Maize played an important part in the economic life of the Pawnee. Most of the infrequent tillage was done by hoes consisting of bison scapulae lashed to bent or forked sticks. Hoeing was done only once or twice a year. The small cultivated patches, ranging in size from one-fourth to four acres, were usually located in the loose alluvium along creek bottoms. In addition to corn, beans, squash and watermelon were grown. All agricultural work was done by the women. They also gathered a large number of tubers, plants, berries, and fruits to supplement the diet. These included wild plum, huckleberry, chokecherry, sand cherry, wild potato, ground-bean and others.

Hunting

The products of the chase were also of great importance. The principal animal sought was the bison. One or two large scale hunting trips were organized yearly. The entire population of the earth lodge village moved to designated hunting areas. In pre-horse times the main method of hunting was the surround, although some hunters probably also worked singly, as they did in later times. The only weapon regularly used was the bow and arrow. The most important of these hunts was conducted in the early summer and ended just in time to harvest the crops.

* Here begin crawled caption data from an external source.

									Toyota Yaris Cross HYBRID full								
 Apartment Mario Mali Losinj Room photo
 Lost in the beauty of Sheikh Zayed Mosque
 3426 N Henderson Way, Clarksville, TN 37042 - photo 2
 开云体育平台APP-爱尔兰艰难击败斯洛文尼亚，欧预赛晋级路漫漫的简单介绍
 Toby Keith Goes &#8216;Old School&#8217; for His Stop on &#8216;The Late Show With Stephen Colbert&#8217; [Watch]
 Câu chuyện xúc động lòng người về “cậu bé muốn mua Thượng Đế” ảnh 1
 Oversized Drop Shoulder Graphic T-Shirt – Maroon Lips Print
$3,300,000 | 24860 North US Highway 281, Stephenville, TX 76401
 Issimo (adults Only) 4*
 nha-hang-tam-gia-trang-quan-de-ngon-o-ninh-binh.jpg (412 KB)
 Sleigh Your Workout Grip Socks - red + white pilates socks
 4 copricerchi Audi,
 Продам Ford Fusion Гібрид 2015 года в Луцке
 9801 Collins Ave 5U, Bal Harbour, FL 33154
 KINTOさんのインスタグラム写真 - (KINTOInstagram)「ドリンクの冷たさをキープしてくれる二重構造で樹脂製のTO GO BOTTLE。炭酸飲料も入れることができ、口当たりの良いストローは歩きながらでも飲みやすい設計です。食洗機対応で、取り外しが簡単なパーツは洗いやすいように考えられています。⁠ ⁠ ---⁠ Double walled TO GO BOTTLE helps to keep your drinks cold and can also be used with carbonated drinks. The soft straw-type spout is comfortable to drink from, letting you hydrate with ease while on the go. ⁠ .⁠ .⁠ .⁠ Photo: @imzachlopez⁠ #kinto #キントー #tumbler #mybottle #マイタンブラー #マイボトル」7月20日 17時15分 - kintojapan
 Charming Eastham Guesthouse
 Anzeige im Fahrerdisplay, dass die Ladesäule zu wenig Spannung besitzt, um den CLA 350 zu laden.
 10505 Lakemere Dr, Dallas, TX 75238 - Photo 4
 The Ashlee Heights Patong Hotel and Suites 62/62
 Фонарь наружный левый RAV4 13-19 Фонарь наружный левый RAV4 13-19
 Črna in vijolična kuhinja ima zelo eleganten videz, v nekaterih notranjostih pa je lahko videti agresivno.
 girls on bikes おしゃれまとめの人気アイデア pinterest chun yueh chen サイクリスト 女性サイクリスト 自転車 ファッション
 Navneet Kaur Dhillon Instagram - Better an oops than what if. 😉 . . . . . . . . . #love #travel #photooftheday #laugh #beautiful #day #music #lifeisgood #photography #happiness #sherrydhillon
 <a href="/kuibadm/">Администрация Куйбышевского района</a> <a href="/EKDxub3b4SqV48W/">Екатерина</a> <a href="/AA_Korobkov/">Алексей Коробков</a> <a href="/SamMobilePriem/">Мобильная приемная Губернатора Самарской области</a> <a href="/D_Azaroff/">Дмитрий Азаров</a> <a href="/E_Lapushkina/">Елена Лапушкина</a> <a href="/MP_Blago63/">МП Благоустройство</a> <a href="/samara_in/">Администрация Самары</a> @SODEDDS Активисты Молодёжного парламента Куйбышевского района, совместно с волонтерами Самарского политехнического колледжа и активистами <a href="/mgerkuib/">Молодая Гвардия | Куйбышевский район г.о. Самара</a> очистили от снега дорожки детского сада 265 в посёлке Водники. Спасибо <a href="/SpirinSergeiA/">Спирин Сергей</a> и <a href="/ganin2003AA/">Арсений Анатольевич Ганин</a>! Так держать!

Although the bison was the major subsistence animal, many other animals were hunted, especially for skins. Elk, deer, and antelope were taken by surrounds and “still hunting” or stalking. Beaver and otter were snared for their pelts; bears, cougars, and skunks were valued for both meat and hides. Prairie chickens and quails were hunted by boys with long withes.

Food Preparation

After the harvest, maize was cut from the cobs, boiled, roasted, or dried, and stored in large bell-shaped pits. Other vegetable foods were similarly treated. Meat was dried and/or smoked.

Corn was often pulverized in a wooden mortar. It was then boiled, or made into cakes cooked in the ashes or on hot flat stones. Fresh corn was also parched or boiled as hominy. Corn, beans and squash, fresh or dry, were prepared by boiling and seasoned with tallow. Fresh meat was either cooked in the ashes, broiled, or boiled with vegetables. Dried meat was eaten raw or boiled. Most of the cooking was done in large pottery vessels manufactured locally.

Shelter

During the winter the Pawnee inhabited large villages of stationary earth covered lodges. These measured 40 feet in diameter and 16 feet in height at the maximum. Such structures housed several related families. They were constructed as follows: the topsoil was removed and a framework erected. Inclined short poles were placed to form walls. Poles set on the inner and outer framework circles came to a blunt peak, forming the roof. Brush and willow were used for horizontal filling. Finally, hay and sod were heaped over the structure. Entrance was by means of a passage some 12 feet long. In the center was a fire basin about three feet in diameter. The floor was hardened by trampling and beating, and mats were spread over it. Sleeping places were near the walls on slightly raised platforms of willow rods, and were often partitioned off with skins or mats.